Marie Battiste and the Decolonization of the Academy
We are delighted by the news that Dr. Marie Battiste has joined Cape Breton University as Special Advisor to the Vice President Academic and to Unama’ki College on decolonizing the academy.
Editor of two CBU Press books (Visioning a Mi’kmaw Humanities, 2017, and Living Treaties, 2016), Marie is a Mi’kmaw educator of the Potlotek First Nation, Professor Emerita at the University of Saskatchewan, a 2019 Pierre Elliott Trudeau Foundation Fellow, and an Honorary Officer of the Order of Canada.
Her passion, research and scholarly work for decolonizing education, protecting Indigenous knowledges, cognitive justice through balancing diverse knowledge systems and languages have earned her graduate degrees from Harvard and Stanford Universities, as well as four honorary degrees from University of Ottawa, Thompson Rivers University, University of Maine and St. Mary’s University.
Dr. Battiste’s other scholarly works includes books, chapters in books, journals, and reports, notably Decolonizing Education: Nourishing the Learning Spirit (UBC Press, 2013) and Protecting Indigenous Knowledge and Heritage: A Global Challenge (UBC Press, 2000), a new edition of which is forthcoming, as well as multiple edited book collections, including Reclaiming Indigenous Voice and Vision (UBC Press, 2000) and First Nations Education in Canada: The Circle Unfolds (UBC Press, 1995).

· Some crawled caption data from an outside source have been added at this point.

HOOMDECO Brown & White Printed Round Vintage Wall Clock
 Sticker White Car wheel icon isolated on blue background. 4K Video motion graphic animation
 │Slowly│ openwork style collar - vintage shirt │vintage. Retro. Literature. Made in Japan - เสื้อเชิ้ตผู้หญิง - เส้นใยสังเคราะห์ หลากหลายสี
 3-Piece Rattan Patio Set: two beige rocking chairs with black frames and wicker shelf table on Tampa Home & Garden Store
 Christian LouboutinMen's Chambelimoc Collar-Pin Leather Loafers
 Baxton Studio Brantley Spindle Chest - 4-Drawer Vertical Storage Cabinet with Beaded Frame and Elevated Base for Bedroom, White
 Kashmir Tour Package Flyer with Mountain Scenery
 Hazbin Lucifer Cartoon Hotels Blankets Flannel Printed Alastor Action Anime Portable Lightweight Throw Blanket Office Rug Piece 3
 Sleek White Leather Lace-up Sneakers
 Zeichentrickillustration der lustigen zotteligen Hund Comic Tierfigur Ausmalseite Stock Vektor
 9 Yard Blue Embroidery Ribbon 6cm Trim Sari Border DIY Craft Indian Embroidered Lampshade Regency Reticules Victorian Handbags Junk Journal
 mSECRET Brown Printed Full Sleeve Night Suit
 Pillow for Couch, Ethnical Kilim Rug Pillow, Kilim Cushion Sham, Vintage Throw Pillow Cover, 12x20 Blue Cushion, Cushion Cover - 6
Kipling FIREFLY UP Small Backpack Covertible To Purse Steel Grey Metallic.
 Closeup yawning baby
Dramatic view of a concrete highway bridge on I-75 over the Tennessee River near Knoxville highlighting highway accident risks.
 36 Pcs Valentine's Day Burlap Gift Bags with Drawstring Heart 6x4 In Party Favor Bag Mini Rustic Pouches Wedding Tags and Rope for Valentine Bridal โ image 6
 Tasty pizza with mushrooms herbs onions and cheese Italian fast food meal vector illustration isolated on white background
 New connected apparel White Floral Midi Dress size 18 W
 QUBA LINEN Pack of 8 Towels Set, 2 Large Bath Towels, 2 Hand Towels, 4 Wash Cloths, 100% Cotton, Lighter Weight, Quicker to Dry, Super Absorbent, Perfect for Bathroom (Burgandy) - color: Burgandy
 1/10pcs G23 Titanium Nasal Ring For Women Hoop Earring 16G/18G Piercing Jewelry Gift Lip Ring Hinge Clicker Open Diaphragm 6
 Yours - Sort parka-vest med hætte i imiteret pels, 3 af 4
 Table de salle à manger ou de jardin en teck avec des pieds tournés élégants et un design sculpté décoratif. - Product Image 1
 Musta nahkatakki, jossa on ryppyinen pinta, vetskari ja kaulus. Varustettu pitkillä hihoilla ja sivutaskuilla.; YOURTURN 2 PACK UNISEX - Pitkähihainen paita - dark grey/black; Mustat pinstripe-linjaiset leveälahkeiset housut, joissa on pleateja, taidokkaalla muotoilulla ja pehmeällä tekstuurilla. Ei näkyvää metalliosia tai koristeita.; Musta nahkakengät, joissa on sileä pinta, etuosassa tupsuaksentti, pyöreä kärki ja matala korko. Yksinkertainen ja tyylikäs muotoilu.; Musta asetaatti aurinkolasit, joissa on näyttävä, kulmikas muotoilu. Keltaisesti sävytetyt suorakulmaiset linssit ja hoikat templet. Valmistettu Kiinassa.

More recently, she co-authored a report for the Federation for the Humanities and Social Sciences “Igniting Change: Final Report and Recommendations of the Advisory Committee on Equity, Diversity, Inclusion and Decolonization” (2021).
It’s great to have Marie back in Cape Breton, and to know she will continue to build on her scholarly research and work toward decolonization.